To review, it all begins with the furnace. A clogged furnace filter inadvertently let several pipes and a toilet tank freeze, resulting in the largest BPU baptism this year. Fortunately for me, it happened at the dear old West Bank, my humble abode across from the local radio station. Had this incident occurred instead at one of the neighboring residences, I might not have had the privilege of anxiously sitting in my living room while a few plumbers solemnly carried the remains of the veteran toilet out the door.
When in college, one does not consider that every appliance in the house is primed to destroy its peers before they get the chance. Since students began living in it, the West Bank has been the site of a home appliance battle royale. Last semester the toilet, may it rest in peace, attempted to drown the washing machine with its own drainage pipe. My clothes, and all parties involved, haven’t been the same since.
Apparently, there’s a gadget that prevents homeowners’ hair and bad breath from hurting their furnaces. When this thing becomes clogged, the little heat factory in the basement can’t keep winter from going bull-in-a-china-shop on the helpless water pipes. A filter constructed from cotton paper has the power to destroy everything plumbers hold dear.
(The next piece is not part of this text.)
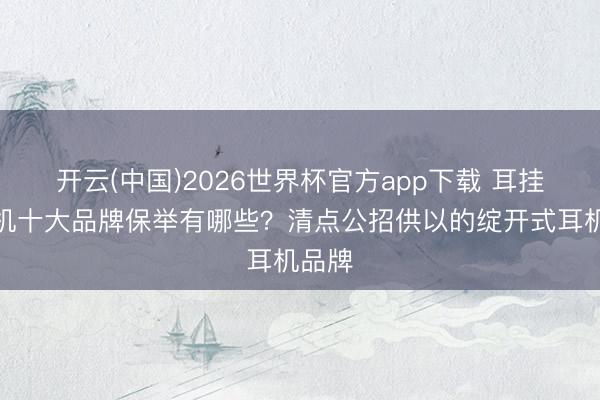 开云(中国)2026世界杯官方app下载 耳挂式耳机十大品牌保举有哪些？清点公招供以的绽开式耳机品牌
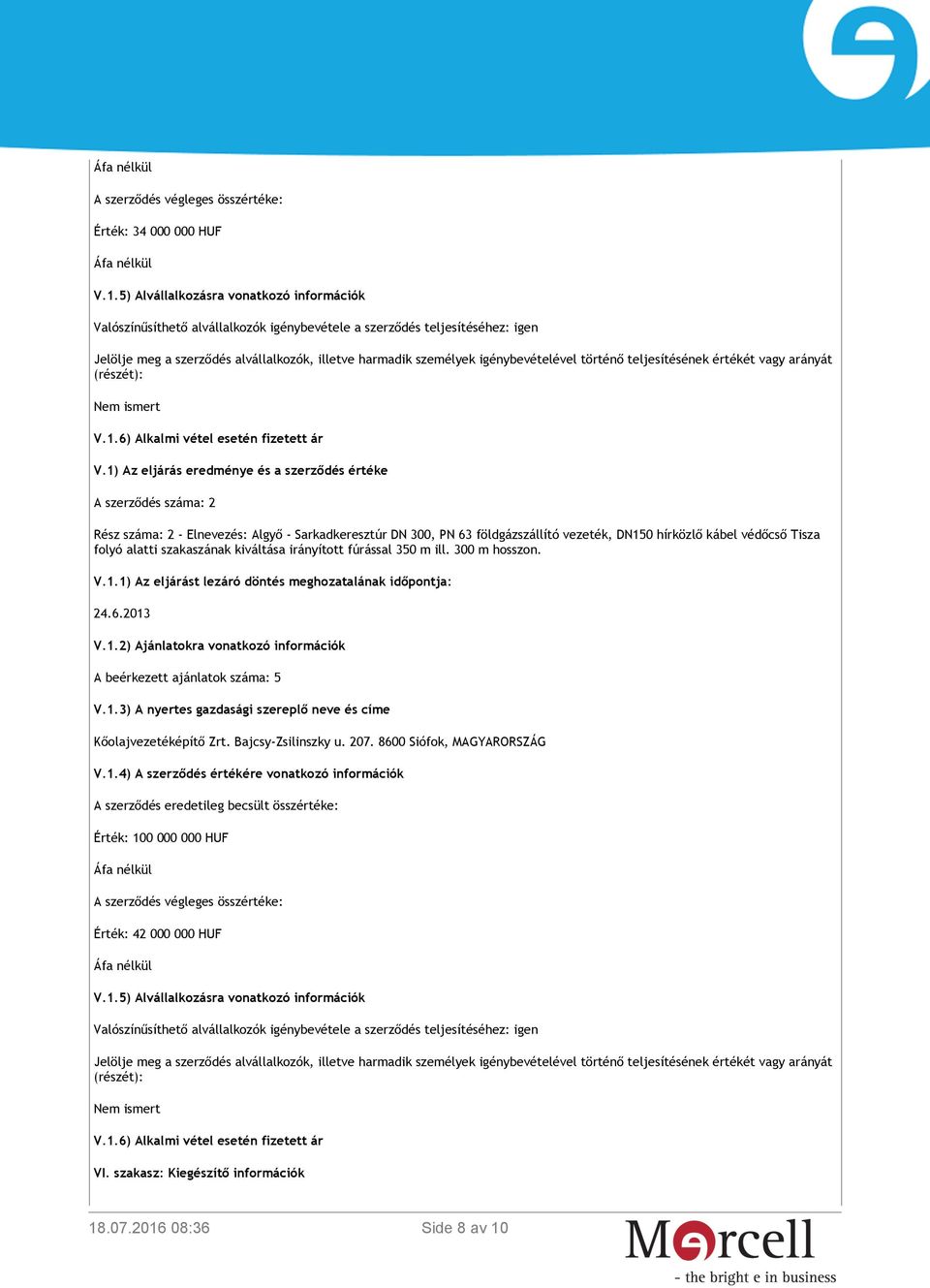 igénybevételével történő teljesítésének értékét vagy arányát (részét): Nem ismert V.1.6) Alkalmi vétel esetén fizetett ár V.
The most frustrating part of this incident is that it isn’t unique. At least two other houses experienced similar problems over winter break. Because they have not disclosed the depth or volume of their respective pipe explosions, we must conclude that the West Bank was at one point the only man-made basement waterpark in the city of Hillsdale. With the recent flooding, the naturally-occurring category is sure to have some outstanding entrants.
Since I have yet to break my nose and regain my sense of smell this year, I can neither confirm nor deny that my basement is now a thriving mold colony.
In times like these, as winter begins to wrap up, it’s important to keep a close eye on anything with pipes coming out of it. Leave no leaky sink uninspected. Let no random basement pipe go unchecked. And, most of all, do not assume the furnace is “taking a break” or “just doesn’t work in that room.”
If columns like these are any indicator, Spring Break is going to be brutal.
Joe Pappalardo is a senior studying marketing.